Marcus Kleiner schildert die Nutzer:innen der Streaming-Dienste so, dass sie sich nahezu vollständig an ihren Empfehlungen orientieren und im enormen Angebot der Unternehmen das auswählen, was ihnen die Algorithmen präsentieren. Als Konsequenz sieht Kleiner Werte wie Selbstbestimmung, Urteilskraft, Entscheidungssouveränität und Freiheit verloren gehen. Durch die Allverfügbarkeit des Angebots verändere sich außerdem die Erwartungshaltung der Menschen, was zu einem „digital kultiviertem Narzissmus“ führe, erklärt der Medienwissenschaftler.

 

„Streamland“ von Marcus S. Kleiner ist durchaus etwas langatmig

Marcus S. Kleiner lenkt mit „Streamland“ die Aufmerksamkeit auf das scheinbare unschuldige Feld der digitalen Unterhaltung. Er regt damit erneut zum Nachdenken an, ob man denn nicht selbst in einer Filterblase lebt und vielleicht wirklich neuen Inhalten und anderen Denkweisen gegenüber so aufgeschlossen ist, wie man es sich vielleicht wünscht.

 

Kleiner geht jedoch sehr langsam vor und startet mit einer Beschreibung der Generation der 20- bis 30-Jährigen, die sich teilweise wie ein Lästern über „die Jugend von heute“ liest. Es folgt ein Exkurs zur Geschichte des Fernsehens in Deutschland sowie von Netflix und Amazon Prime. Dadurch zieht sich das Buch. Leser:innen, die Kleiners Bild der Generation zwischen 20 und 30 Jahren entsprechen und zu seiner Zielgruppe gehören sollten, könnten auf dem Weg zu seinen Ausführungen zum demokratiegefährdenden Potenzial von Netflix und Amazon Prime verloren gehen.

 

Aber wie gehen wir mit dem demokratiegefährdenden Potenzial der Streaming-Unternehmen um? Marcus Kleiner fordert von den Digitalunternehmen mehr Transparenz und Mitbestimmung der Nutzer:innen und plädiert für eine Neuausrichtung der Auseinandersetzung mit der Digitalisierung.

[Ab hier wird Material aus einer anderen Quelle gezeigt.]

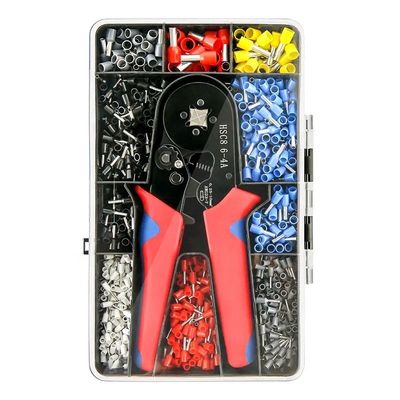 tiện lợi linh hoạt Mini dây thép Ferrule ống đầu cuối Crimping Plier Kit 1200pcs gia đình điện cách nhiệt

Dabei kritisiert er die Politik, die Digitalisierung als mehr Bürgerservice und Verwaltungsabbau verstehe und nicht auf der Höhe unserer digitalen Kultur sei. Die selbsternannte Digitalisierungspartei FDP nimmt Kleiner besonders in den Fokus. Die FDP habe mit ihrer Kampagne zur Bundestagswahl 2017 einen Beitrag zur „selbstverschuldeten Verblödung“ geleistet, die nicht demokratische Teilhabe, sondern nur die Forderung, offen für die Technologien zu sein, enthalten habe.

 

Wie gehen wir mit Marcus Kleiners Analyse in „Streamland“ um?

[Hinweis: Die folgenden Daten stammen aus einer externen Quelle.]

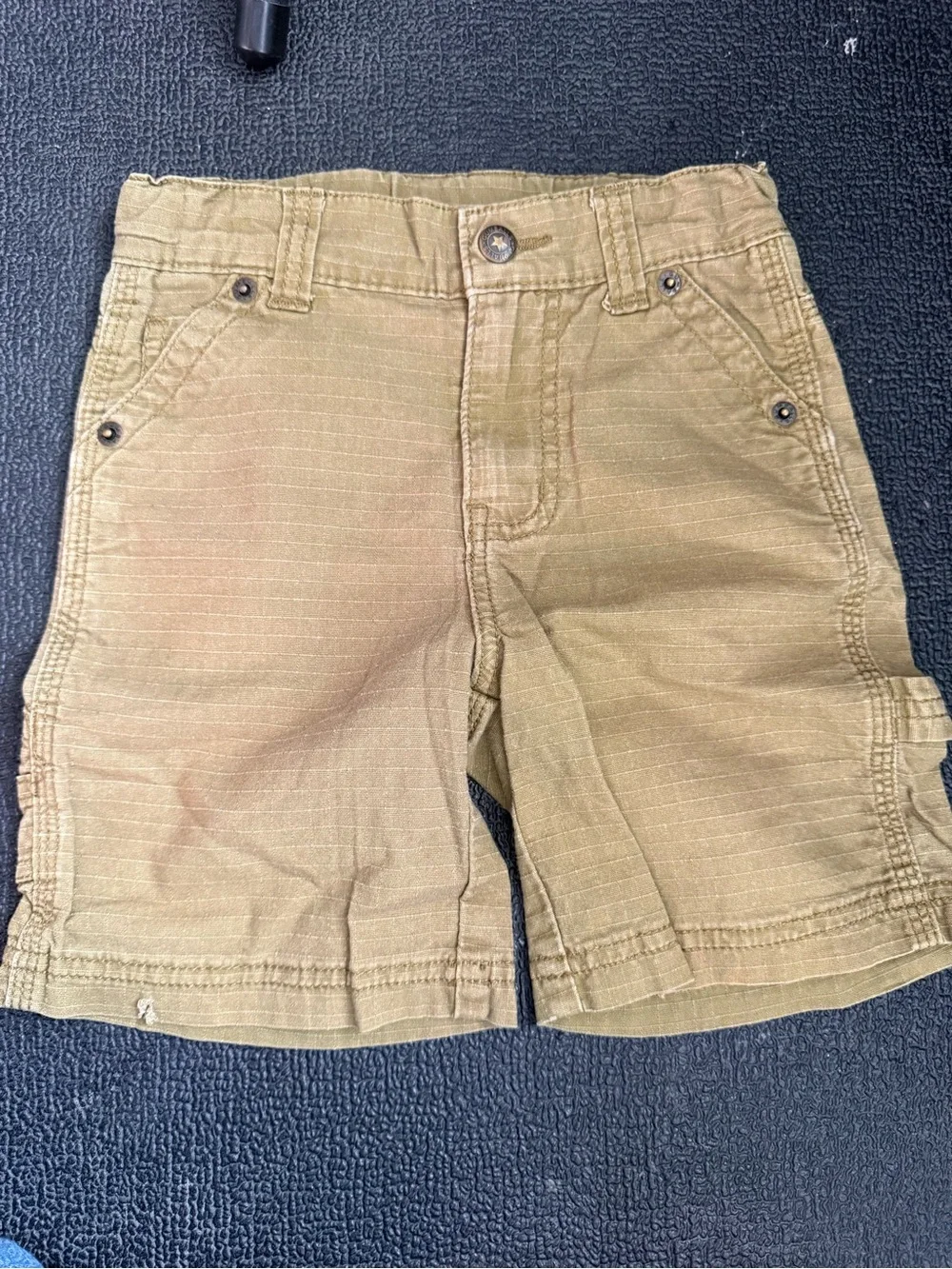 Kids Classic Tan Utility Shorts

Es gehe aber nicht darum, Digitalisierung abzuwählen, sondern um Mitgestaltung statt fraglos alle Macht an die Digitalunternehmen abzutreten, erklärt Marcus S. Kleiner in „Streamland“.

 

Es liegt also an der Politik und der Zivilgesellschaft, Kultur und den demokratischen Willensbildungsprozess nicht den ökonomischen Interessen von Unternehmen zu überlassen. Marcus Kleiner unterschätzt in „Streamland“ jedoch den Einsatz viele Bürger:innen, die sich schon jetzt für die Demokratie einsetzen und auf die Risiken hinweisen. Mit seinem Buch ist auch er ein Teil davon.

 

Ein Start muss sein, dass sich Individuen versuchen, sich auch außerhalb ihrer Komfortzone zu informieren. Journalist:innen müssen das durch ausgewogene Berichterstattung ermöglichen. Das bedeutet jedoch ausdrücklich nicht, dass jede Meinung und Verschwörungserzählung gehört werden muss. Stattdessen sollten wir uns an Fakten orientieren.

 

„Streamland. Wie Netflix, Amazon Prime & Co. unsere Demokratie bedrohen“ von Marcus S. Kleiner ist am 1. Oktober 2020 im Verlag Droemer HC erschienen.